Şehirlerimizin durumu bir yana, artık köylerimiz bile çevre
konusunda sınıfta kalıyor. ‘Medeniyet’ köylerimize ulaştıkça,
‘çevre’ kirlendi, etrafta çöp dağları meydana gelmeye başladı.
Dünyanın en güzel şehirlerinden olan İstanbul, acaba çevre noktasında geçer not alabilir mi? Bu kadar yüksek bina, yoğun trafik, nüfusa nisbetle park ve bahçelerin yetersizliği ciddî bir problem değil mi? Cadde ve sokak kenarlarına hatırı sayılır sayıda ağaç dikildi, ama bunları bile koruyamıyoruz. Yapılan her inşaat esnasında bazı ağaçlar, fidanlar feda ediliyor. Çevre dostu olanlar müstesna, müteahhitlerimizin bir kısmı inşaat demirlerini adeta ağaçların üstüne atıyor ve onların kırılmasına, yaralanmasına sebep oluyor. Belediyelerimiz de kaldırım düzenlemesi yaparken ağaçların ‘boğazı’nı betonlarla adeta sıkıyor ve onların ölmesine sebep oluyor. Bizim sokaklarda gördüğümüz bu manzaraları, idarecilerimiz görmüyor mu? Muhtemelen görmüyorlar, çünkü onlar ‘özel ev’lerinden ‘özel araç’larla ‘özel güvenlik’ eşliğinde seyahat ediyor. Halkın içine giren, sokaklarda gezen, hataları yerinde gören kaç tane ‘başkan’ımız var?

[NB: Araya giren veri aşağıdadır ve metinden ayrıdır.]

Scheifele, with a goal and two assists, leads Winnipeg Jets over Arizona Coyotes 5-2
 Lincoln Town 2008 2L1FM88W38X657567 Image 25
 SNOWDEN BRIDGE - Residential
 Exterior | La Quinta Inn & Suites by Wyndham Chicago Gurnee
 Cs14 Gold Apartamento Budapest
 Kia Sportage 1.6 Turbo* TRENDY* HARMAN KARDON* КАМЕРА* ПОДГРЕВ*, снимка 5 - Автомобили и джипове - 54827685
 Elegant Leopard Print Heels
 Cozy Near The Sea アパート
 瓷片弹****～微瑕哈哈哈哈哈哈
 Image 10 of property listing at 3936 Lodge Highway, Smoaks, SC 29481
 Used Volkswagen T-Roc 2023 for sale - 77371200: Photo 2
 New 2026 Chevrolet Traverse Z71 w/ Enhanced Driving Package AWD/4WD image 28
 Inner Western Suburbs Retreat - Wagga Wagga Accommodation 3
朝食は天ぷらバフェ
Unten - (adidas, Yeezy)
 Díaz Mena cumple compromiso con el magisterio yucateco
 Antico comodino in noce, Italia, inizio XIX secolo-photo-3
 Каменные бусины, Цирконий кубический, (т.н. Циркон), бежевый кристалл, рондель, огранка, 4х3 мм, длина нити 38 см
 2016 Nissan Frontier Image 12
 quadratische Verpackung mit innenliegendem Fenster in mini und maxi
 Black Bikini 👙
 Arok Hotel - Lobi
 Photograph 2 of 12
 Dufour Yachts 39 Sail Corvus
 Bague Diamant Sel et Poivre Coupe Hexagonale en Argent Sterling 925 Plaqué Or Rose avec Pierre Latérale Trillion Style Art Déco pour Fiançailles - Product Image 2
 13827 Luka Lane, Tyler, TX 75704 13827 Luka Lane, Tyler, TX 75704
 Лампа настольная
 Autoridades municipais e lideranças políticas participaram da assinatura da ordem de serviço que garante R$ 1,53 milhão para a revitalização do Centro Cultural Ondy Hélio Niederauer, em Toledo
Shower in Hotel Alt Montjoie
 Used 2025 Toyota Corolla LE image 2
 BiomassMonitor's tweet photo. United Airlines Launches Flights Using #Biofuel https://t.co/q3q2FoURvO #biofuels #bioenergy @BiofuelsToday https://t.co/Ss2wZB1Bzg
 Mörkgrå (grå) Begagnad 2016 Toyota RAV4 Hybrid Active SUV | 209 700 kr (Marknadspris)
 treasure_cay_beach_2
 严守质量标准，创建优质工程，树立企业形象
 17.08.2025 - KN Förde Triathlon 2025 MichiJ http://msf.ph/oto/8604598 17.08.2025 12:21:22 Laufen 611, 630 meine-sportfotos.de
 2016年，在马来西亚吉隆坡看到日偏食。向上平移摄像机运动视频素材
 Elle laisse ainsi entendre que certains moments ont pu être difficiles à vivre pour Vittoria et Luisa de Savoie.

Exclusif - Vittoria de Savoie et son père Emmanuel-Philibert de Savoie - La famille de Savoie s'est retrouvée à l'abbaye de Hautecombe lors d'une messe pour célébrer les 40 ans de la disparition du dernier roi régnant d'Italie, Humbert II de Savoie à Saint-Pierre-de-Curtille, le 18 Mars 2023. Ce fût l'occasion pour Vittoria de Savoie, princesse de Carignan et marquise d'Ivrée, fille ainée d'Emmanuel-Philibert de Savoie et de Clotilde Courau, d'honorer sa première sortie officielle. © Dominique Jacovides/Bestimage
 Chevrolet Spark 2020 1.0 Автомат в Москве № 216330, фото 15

Türkiye epey bir süreden beri Artvin’deki Cerattepe konusunu tartışıyor. Ayrıntılar bir yana bırakılacak olursa, Cerattepe’de maden var ve bu madenin çıkarılmasına karar verilmiş. Tabiî ki ‘iş’i alan şirket, işe ağaç keserek başlamış. İtirazlar üzerine mesele Başbakan’a kadar gitti ve mahkeme kararının beklenmesine karar verildi. Hadisenin bir yönü böyle.